Agus dan Saut bisa dinonaktifkan jika ditetapkan sebagai tersangka atas perkara hukum yang menjeratnya, yakni dugaan pemalsuan surat dan penyalahgunan wewenang.

"Kalau ada SPDP (surat pemberitahuan dimulainya penyidikan) seperti ini, kalau nanti yang bersangkutan dipanggil sebagai tersangka, maka otomatis sesuai pasal 32 ayat 1, 2 dan 3 UU KPK, yang bersangkutan akan diberhentikan sementara, akan dinonaktifkan oleh Presiden," kata mantan pimpinan KPK Haryono Umar saat dihubungi, Kamis (9/11).

Akibatnya, lanjut Haryono, dalam kondisi itu KPK bisa lumpuh dan tidak bisa melakukan berbagai upaya penindakan lagi. Sebab, tiap keputusan yang dihasilkan oleh KPK, harus didasarkan pada persetujuan lima komisioner karena kepemimpinan di institusi tersebut bersifat kolektif kolegial.

Keputusan yang dibuat dalam kondisi komisionernya di bawah lima orang, tidak sah. Kalau ada keputusan yang diambil meski jumlah komisionernya di bawah lima, maka bisa dikenakan pidana karena telah menyalahgunakan wewenang.

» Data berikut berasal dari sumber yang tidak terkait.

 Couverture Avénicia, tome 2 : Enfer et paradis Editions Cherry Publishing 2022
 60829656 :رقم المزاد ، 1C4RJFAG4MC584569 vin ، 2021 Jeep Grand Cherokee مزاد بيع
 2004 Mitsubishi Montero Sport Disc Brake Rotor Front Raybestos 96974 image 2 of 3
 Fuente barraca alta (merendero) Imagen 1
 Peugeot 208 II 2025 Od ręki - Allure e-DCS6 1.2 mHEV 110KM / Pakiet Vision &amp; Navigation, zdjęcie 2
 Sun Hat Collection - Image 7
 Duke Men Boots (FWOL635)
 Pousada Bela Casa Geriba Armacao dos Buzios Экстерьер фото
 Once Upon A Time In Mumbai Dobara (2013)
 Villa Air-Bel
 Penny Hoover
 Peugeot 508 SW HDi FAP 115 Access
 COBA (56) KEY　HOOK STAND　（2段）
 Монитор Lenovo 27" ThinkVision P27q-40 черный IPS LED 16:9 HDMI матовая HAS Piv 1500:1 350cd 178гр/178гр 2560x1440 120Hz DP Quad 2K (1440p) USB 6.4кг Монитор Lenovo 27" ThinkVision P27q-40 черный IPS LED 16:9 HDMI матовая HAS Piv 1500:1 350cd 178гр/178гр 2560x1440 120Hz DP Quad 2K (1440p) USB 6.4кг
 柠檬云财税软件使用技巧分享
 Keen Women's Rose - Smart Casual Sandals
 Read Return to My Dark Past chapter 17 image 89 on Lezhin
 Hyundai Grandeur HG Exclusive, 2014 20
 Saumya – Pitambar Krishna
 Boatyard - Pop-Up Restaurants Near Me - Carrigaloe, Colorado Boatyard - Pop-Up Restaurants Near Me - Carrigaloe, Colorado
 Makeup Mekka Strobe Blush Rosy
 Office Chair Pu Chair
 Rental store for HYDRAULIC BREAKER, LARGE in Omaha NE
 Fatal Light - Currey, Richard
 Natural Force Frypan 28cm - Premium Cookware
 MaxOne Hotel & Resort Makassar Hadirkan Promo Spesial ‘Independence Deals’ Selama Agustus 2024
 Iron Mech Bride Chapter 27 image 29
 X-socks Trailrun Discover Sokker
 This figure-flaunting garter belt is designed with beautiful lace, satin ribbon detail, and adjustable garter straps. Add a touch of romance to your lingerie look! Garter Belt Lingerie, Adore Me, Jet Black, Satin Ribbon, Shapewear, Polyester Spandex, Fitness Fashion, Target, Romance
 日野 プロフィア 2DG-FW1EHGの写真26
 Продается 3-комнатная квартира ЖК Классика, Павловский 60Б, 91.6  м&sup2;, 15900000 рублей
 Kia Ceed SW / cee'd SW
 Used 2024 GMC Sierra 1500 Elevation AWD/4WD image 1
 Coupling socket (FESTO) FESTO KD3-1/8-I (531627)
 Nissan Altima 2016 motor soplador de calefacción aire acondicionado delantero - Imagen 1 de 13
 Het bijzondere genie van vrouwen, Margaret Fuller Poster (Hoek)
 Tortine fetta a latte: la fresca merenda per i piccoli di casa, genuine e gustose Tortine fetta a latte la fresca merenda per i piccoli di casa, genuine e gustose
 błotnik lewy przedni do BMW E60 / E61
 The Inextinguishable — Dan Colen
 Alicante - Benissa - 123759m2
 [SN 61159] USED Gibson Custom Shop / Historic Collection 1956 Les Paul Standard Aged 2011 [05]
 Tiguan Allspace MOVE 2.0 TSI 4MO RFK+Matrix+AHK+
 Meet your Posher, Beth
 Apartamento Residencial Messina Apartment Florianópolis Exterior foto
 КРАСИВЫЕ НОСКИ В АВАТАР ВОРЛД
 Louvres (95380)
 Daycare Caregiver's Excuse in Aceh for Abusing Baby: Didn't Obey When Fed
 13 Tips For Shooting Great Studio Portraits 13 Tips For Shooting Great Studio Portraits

"Keputusan KPK itu harus lima. Kolektif kolegial. Kalau kurang dari lima, keputusannya tidak sah. Umpamanya hanya tiga komisioner yang ambil keputusan, terkena pidana karena melakukan penyalahgunaan wewenang yaitu membuat keputusan yang tidak kolektif kolegial. Lima itu harus, enggak boleh kurang," ujarnya.

Seperti diketahui, Antasari Azhar dan Abraham Samad dinonaktifkan karena statusnya sebagai tersangka oleh polisi. Kasus keduanya disebut dengan Cicak Vs Buaya.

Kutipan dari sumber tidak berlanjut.